Estas obras não são apenas melhorias. São condições necessárias para garantir bem-estar aos nossos grupos e para assegurar que o edifício se mantém funcional e seguro. É um processo faseado, mas absolutamente prioritário.
O Círculo reúne teatro, música, dança, artes visuais e biblioteca. Há alguma área que considere pilar essencial da actividade?
Todas as áreas são essenciais porque a força do Círculo está precisamente na diversidade. Não somos apenas um grupo de teatro, ou apenas um coro, ou apenas uma academia de dança. Somos um conjunto de valências que coexistem e se reforçam mutuamente. É essa natureza multifacetada que distingue o Círculo de outras estruturas culturais.
A Biblioteca Guilherme de Azevedo e o Arquivo Histórico desempenham um papel particularmente relevante: guardam documentação antiga, correspondência, actas, programas, fotografias, partituras, cartazes. Preservar este acervo é preservar a própria identidade da instituição e da cidade. O protocolo com o Arquivo Distrital permitiu digitalizar parte deste espólio, facilitando o acesso e protegendo documentos frágeis.
A complementaridade entre as valências cria uma dinâmica muito rica. Há actores que começaram na dança, músicos que passaram pelo teatro, jovens que chegam pela arte e ficam pelo convívio. Esta mistura de gerações e disciplinas é, talvez, o maior património imaterial da casa.
A dança tem um peso particular no seu percurso. Como concilia essa dimensão com o exercício da presidência?
A dança fez sempre parte da minha vida e foi através dela que entrei no Círculo. Ensinar dança continua a ser uma paixão, mas conciliar esse trabalho com a presidência tem sido possível graças ao espírito de equipa. Somos três professores e existe entre nós uma cooperação muito sólida. Quando preciso de sair da sala para tratar de um assunto da direcção, sei que posso contar com essa colaboração.
A minha presença na direcção já vem de longe, por isso conheço bem o funcionamento interno. A presidência acrescenta responsabilidades, mas não altera aquilo que me liga à dança. Continuo a dar aulas, a acompanhar projectos e a estar atento à evolução dos alunos. Houve, naturalmente, momentos em que gostaria de estar mais disponível para iniciativas específicas, mas o equilíbrio tem sido sustentável.
Falou da modernização da base de dados e da comunicação. Que estratégias têm para aproximar o Círculo dos mais jovens?
A modernização digital é uma necessidade. Temos consciência de que parte do público mais jovem vive sobretudo nas redes sociais e que é através delas que se informa sobre actividades culturais. Por isso, reforçámos a presença no Instagram e criámos uma conta institucional com acesso centralizado, garantindo que não se perde quando há mudanças de direcção.
O Facebook continua a ser útil para públicos mais adultos, mas tem limitações.
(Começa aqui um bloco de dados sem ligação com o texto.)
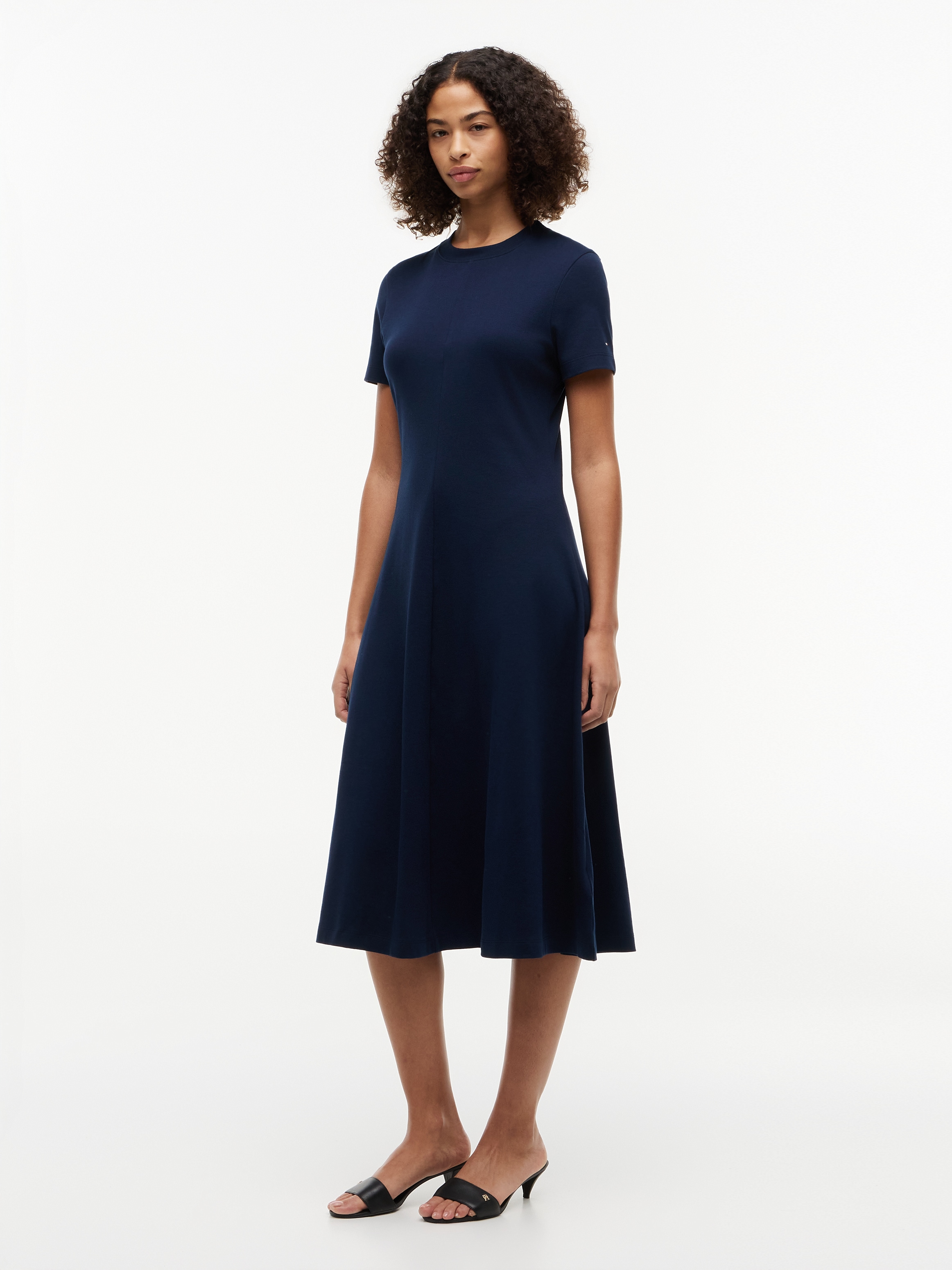 Image of Tommy Hilfiger Midikleid "INTERLOCK F&F MIDI DRESS" Ohne Taschen Interlock-Baumwolle, Regular Fit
O grupo “Amigos do Círculo” é dinâmico, mas o objectivo é recuperar o pleno acesso à página institucional para consolidar uma comunicação mais formal e contínua. O ideal é que todos os canais funcionem de forma articulada.
A base de dados dos sócios é outro instrumento central. Não é apenas uma questão administrativa; é também uma ferramenta de aproximação. Ao sabermos quem são os nossos associados, como contactar, como divulgar informação e como facilitar pagamentos, estamos a fortalecer a comunidade e a criar condições para envolver novas gerações.
Já é possível adiantar alguns momentos previstos para a próxima temporada?
A programação está desenhada para manter o ritmo habitual e reforçar a participação das nossas valências. As conferências, as actividades ao ar livre e os concertos continuam a ocupar um lugar importante, e há projectos que queremos integrar em datas simbólicas da cidade.
Pretendemos também assinalar um marco da Orquestra Típica Scalabitana, sublinhando a sua longevidade e importância no panorama musical local. A Galeria continuará com exposições regulares, permitindo o encontro entre artistas e público, e muitas actividades estão ainda em fase de calendarização, o que é natural nesta altura do ano.
A programação é viva, ajusta-se às disponibilidades das secções e às oportunidades que surgem. Mas a linha orientadora mantém-se: oferecer à cidade uma temporada diversificada e coerente.
O Círculo está implantado no centro histórico, uma zona que enfrenta desafios. Que papel pode desempenhar na sua revitalização?
O simples facto de o Círculo estar de portas abertas contribui para revitalizar o centro histórico. A zona enfrenta desafios conhecidos — a desertificação habitacional, o fecho de comércio tradicional, a deslocação da vida urbana para outras áreas — mas o Círculo tem resistido a essa tendência. Aqui há movimento diário: aulas, ensaios, reuniões, espectáculos, exposições. Essa vida constante cria circulação de pessoas e dá outro ritmo ao bairro.
A demolição do edifício que anteriormente tapava a vista do Teatro Taborda tornou-nos mais visíveis e aproximou-nos de quem circula nas Portas do Sol. A colocação da lona exterior reforçou essa presença. Ainda assim, sabemos que há uma parte significativa da população que não conhece bem o Círculo, sobretudo quem vive em zonas mais recentes da cidade. É por isso que insistimos em manter programação regular: a cultura ajuda a aproximar pessoas e a dar sentido ao espaço urbano.
O que gostaria de ver concretizado até ao final do mandato?
Os objectivos são colectivos. A direcção trabalha como equipa e é assim que definimos prioridades. Mas há, claramente, duas frentes essenciais: melhorar as condições físicas do edifício e consolidar a base de dados dos sócios.
A obra nas janelas, a resolução de infiltrações e a climatização dos espaços são intervenções estruturais. Não se trata de melhorar estética; trata-se de garantir que as valências trabalham em condições adequadas, sobretudo no Inverno, quando o frio afecta ensaios e aprendizagem.
A base de dados é igualmente fundamental. Uma instituição com a história do Círculo precisa de um registo actualizado, coerente e funcional. Isso facilita comunicação, gestão, transparência e continuidade.
O importante, acima de tudo, é que o Círculo permaneça sólido, com capacidade para enfrentar desafios futuros.
Como imagina o Círculo daqui a dez anos? Que legado gostaria de deixar?
Não penso em legado pessoal. Esta casa não pertence a um presidente, pertence a todos os que a construíram e a todos os que nela participam. O meu compromisso é simples: deixar o Círculo tão vivo e tão íntegro quanto o encontrei.
Daqui a dez anos imagino o Círculo fiel a si próprio: um espaço onde se aprende, onde se cria, onde se convivem gerações, onde se preserva memória e se abre caminho ao futuro. Um lugar onde crianças, jovens e adultos encontram um primeiro palco, uma primeira aula, uma primeira experiência artística. Um lugar onde a cultura tem casa. Se garantirmos isso, teremos cumprido a missão.